§ **DATA PROVIDED**:
______________________________

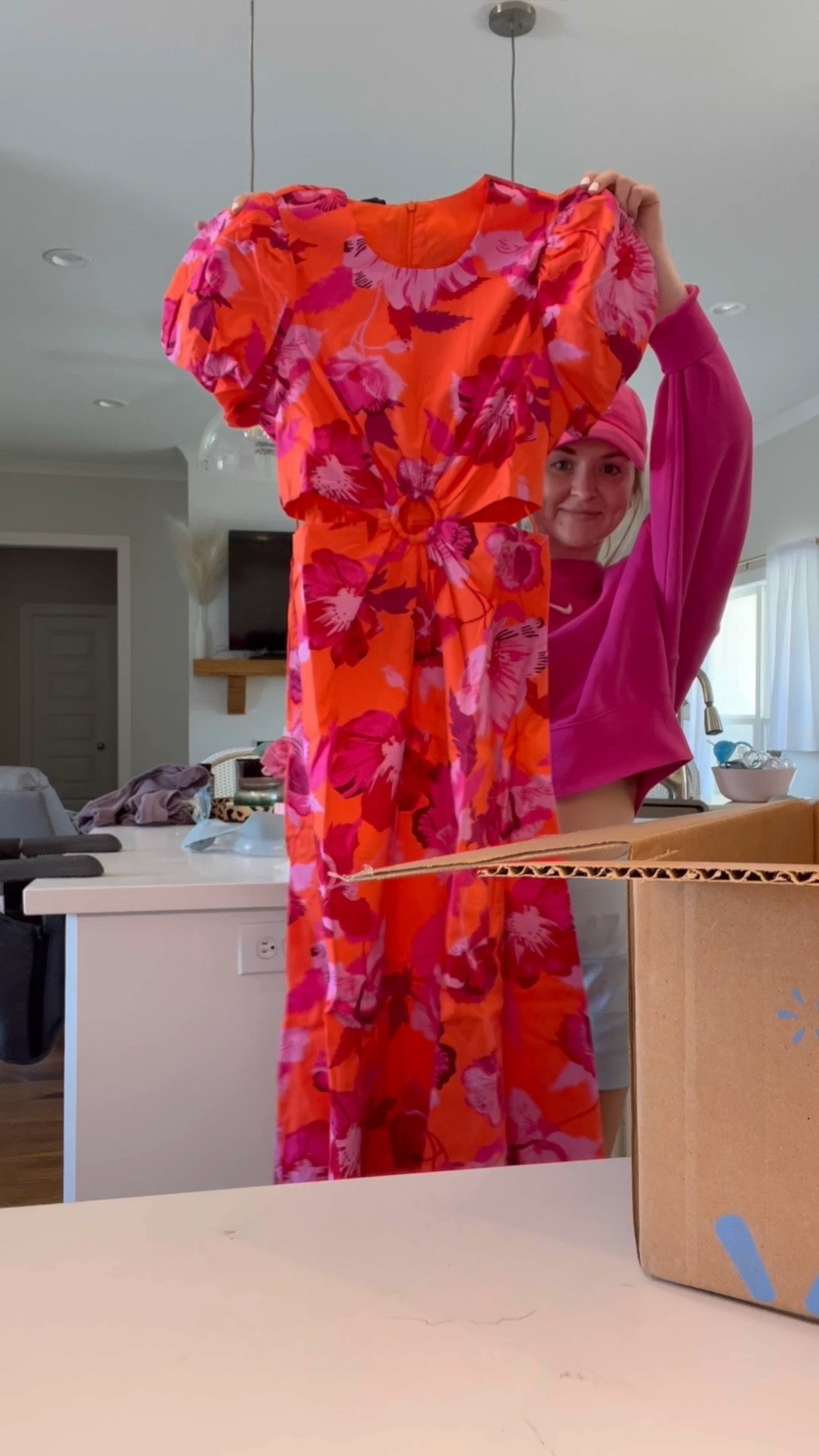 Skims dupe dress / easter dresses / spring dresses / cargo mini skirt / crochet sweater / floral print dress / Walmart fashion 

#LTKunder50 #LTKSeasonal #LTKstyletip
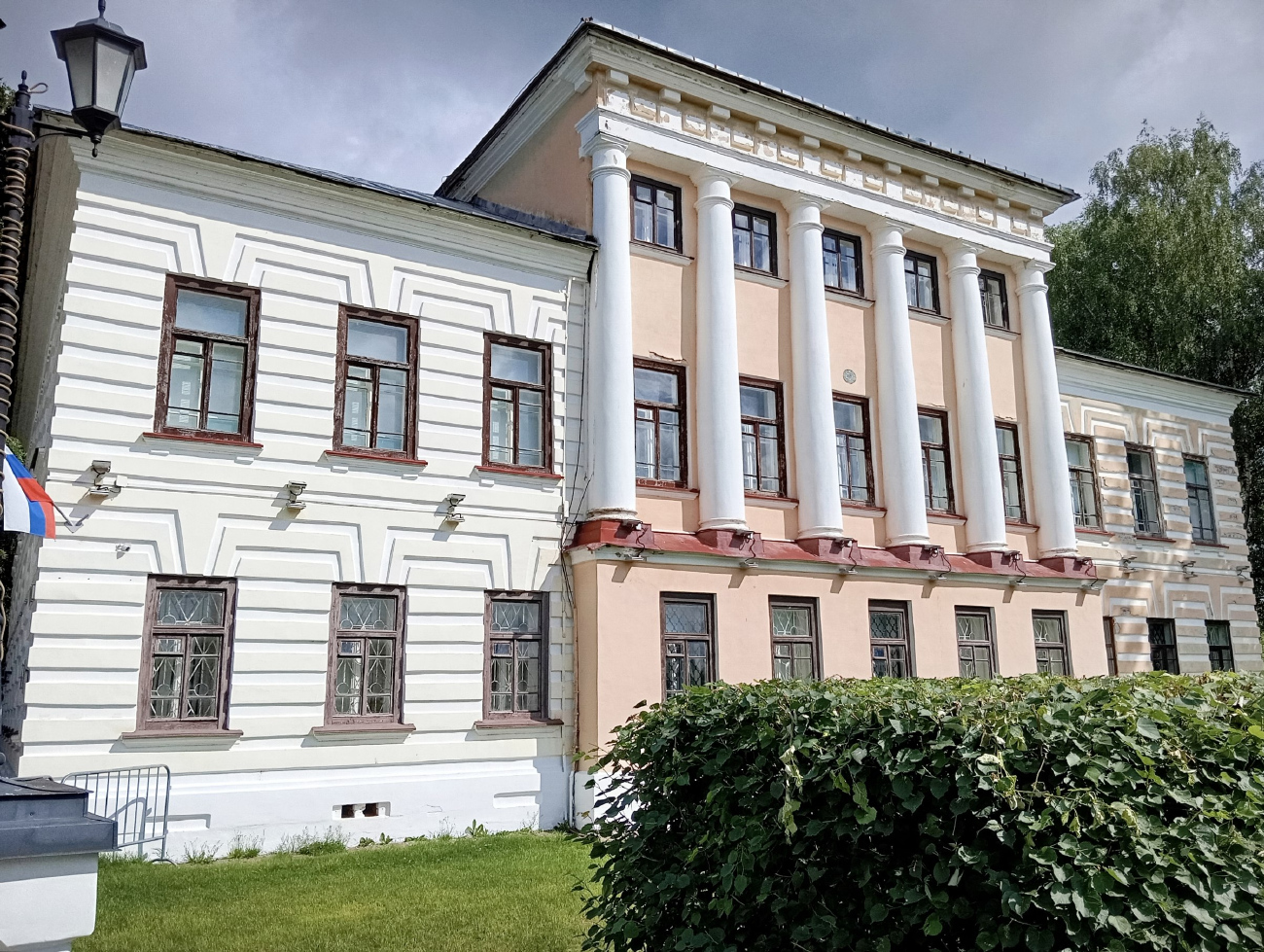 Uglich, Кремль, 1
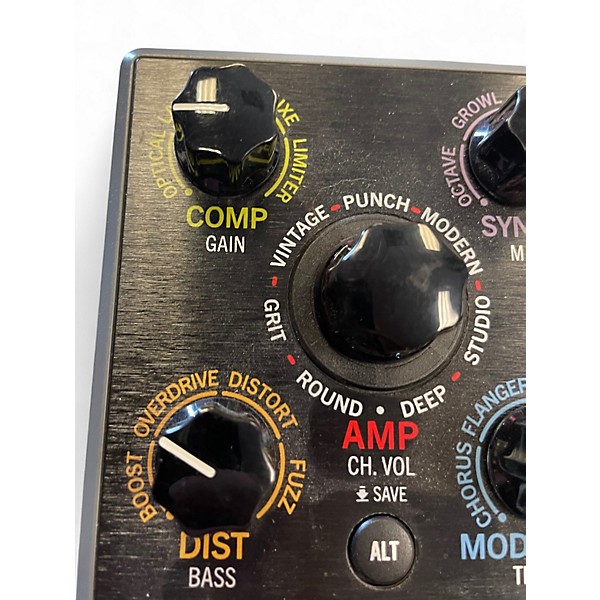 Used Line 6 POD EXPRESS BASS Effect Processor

______________________________

§ **WHAT NEEDS TO BE DONE**: Please transcribe the listing exactly as it stands, but omit its pictures.

§ **RESPONSE**:
 Skims dupe dress / easter dresses / spring dresses / cargo mini skirt / crochet sweater / floral print dress / Walmart fashion 

#LTKunder50 #LTKSeasonal #LTKstyletip
 Uglich, Кремль, 1
 Used Line 6 POD EXPRESS BASS Effect Processor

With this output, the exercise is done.